- Known for: Founder and former CEO of IGN Entertainment

= Mark Jung =

Mark A. Jung was the founder and former CEO of IGN Entertainment and the networks of Snowball.com, running the company from January 1999 to November 2006. Previously, he was CEO of Worldtalk Corporation and also served as VP and General Manager at Retix. He is the younger brother of Andrea Jung.

Jung graduated with a B.S.E. in electrical engineering from Princeton University in 1981 after completing a 51-page long senior thesis titled "Measurement of the Contact Resistance of Screen-Printed Silver Metallization of N+ Silicon."

== Career ==

As CEO of IGN Entertainment (formerly Snowball.com), a leading Internet media and services company for video gaming and other forms of digital entertainment, Jung took the company public in March 2000 and then private in August 2003. Jung led IGN's sale to NewsCorp, the parent company of Fox Interactive Media in October 2005. When the company was acquired by NewsCorp, Jung served as chief operating officer of Fox Interactive Media (FIM), where he was responsible for all of its internet properties, including MySpace, IGN Entertainment, FoxSports.com, AmericanIdol.com, and Scout Media.

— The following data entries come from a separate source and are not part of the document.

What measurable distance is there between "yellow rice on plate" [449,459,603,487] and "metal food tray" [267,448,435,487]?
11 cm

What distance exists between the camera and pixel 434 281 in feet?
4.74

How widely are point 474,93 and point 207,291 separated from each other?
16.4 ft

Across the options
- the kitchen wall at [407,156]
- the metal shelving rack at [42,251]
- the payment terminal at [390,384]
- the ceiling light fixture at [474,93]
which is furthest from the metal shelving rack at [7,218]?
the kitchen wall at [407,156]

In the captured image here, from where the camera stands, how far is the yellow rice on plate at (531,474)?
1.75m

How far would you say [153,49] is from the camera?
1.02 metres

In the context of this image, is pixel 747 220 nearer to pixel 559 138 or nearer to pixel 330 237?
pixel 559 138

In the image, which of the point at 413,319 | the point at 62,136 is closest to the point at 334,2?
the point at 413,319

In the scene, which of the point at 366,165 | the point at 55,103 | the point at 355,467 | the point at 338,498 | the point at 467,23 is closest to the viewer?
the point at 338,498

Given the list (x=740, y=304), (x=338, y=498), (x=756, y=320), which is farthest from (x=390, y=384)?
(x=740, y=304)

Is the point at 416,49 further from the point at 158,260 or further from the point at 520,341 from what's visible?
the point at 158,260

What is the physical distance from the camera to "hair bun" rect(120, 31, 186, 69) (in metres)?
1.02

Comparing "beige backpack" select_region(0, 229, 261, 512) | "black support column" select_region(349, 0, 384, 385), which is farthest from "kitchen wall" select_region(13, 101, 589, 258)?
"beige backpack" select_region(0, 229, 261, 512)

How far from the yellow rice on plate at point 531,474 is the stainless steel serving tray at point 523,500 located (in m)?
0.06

Prior to joining IGN, Jung was the co-founder and CEO of Worldtalk Communications Corp., an Internet security company that he took public in 1996. He also served as VP and General Manager at Retix.
Jung has served as board chairman for Clearspring Technologies and as CEO of Vudu. He has also been a board member of the San Francisco Symphony, beginning in 2006. In May 2012 he became one of the Board Member and advisor for HackerRank.
In March 2014 Jung became the CEO of OnLive which subsequently ceased operations after selling its patents to Sony in April 2015.